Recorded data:
---*---
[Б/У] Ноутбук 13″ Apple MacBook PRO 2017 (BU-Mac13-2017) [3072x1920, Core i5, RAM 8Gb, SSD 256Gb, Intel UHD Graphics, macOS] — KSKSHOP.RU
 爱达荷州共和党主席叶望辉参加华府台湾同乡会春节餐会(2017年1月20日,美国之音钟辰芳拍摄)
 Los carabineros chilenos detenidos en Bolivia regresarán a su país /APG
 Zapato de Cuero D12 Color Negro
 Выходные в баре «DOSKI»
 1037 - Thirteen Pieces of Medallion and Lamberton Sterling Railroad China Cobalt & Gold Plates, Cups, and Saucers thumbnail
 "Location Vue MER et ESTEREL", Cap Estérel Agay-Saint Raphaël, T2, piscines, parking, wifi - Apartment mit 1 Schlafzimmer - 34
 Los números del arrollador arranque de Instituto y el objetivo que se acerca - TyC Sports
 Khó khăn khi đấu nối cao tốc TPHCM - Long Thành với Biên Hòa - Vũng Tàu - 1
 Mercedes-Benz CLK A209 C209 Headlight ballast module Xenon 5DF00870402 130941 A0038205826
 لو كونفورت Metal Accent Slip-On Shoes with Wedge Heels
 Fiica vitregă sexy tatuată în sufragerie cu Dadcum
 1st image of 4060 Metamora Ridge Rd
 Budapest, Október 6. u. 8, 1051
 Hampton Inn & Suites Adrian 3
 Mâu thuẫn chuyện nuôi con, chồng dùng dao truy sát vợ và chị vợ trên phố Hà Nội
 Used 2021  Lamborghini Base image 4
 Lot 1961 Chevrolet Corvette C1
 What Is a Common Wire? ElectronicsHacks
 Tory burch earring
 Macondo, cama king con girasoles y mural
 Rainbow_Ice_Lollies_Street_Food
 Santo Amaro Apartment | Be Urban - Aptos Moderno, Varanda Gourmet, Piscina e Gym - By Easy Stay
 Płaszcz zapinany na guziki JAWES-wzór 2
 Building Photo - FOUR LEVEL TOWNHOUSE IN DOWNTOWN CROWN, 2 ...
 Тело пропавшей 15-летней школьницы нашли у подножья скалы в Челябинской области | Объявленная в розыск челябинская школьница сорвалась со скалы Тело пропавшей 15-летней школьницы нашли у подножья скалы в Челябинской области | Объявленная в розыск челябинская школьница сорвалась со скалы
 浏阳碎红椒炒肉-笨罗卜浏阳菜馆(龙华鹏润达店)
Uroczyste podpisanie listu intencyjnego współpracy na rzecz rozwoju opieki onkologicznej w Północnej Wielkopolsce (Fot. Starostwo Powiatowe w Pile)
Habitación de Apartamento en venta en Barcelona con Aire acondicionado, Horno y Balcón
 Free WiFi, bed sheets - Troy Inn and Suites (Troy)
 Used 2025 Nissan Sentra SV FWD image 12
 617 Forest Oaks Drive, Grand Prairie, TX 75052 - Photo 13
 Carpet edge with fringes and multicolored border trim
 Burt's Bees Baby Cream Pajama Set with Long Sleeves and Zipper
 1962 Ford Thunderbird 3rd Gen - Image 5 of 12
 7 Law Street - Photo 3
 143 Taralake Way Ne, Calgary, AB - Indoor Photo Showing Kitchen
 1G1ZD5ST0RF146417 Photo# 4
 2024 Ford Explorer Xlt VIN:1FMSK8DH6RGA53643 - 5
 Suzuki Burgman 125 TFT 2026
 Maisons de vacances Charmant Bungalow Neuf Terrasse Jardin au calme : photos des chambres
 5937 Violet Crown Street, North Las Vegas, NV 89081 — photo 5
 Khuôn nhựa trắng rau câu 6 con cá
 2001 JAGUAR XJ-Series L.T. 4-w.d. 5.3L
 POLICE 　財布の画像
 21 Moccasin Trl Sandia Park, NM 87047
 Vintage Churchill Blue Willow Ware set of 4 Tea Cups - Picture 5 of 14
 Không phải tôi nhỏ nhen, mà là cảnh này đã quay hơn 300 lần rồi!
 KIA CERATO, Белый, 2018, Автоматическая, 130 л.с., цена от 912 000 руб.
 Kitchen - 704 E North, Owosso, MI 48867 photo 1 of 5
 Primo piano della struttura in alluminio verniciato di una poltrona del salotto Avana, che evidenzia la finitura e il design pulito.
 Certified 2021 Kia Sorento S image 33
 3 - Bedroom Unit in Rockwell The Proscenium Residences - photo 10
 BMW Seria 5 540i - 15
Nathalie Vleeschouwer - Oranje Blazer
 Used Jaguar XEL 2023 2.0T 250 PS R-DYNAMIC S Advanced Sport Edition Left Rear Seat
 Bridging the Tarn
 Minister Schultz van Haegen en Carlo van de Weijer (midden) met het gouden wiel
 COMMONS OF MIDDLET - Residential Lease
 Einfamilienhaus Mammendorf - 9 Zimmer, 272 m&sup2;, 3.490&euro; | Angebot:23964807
---*---
Exercise:
Output, from the data above, the lines from the line with "Mâu thuẫn chuyện" to the line with "Building Photo - FOUR" exactly as they stand, both ends included and nothing else.

Answer to the problem:
 Mâu thuẫn chuyện nuôi con, chồng dùng dao truy sát vợ và chị vợ trên phố Hà Nội
 Used 2021  Lamborghini Base image 4
 Lot 1961 Chevrolet Corvette C1
 What Is a Common Wire? ElectronicsHacks
 Tory burch earring
 Macondo, cama king con girasoles y mural
 Rainbow_Ice_Lollies_Street_Food
 Santo Amaro Apartment | Be Urban - Aptos Moderno, Varanda Gourmet, Piscina e Gym - By Easy Stay
 Płaszcz zapinany na guziki JAWES-wzór 2
 Building Photo - FOUR LEVEL TOWNHOUSE IN DOWNTOWN CROWN, 2 ...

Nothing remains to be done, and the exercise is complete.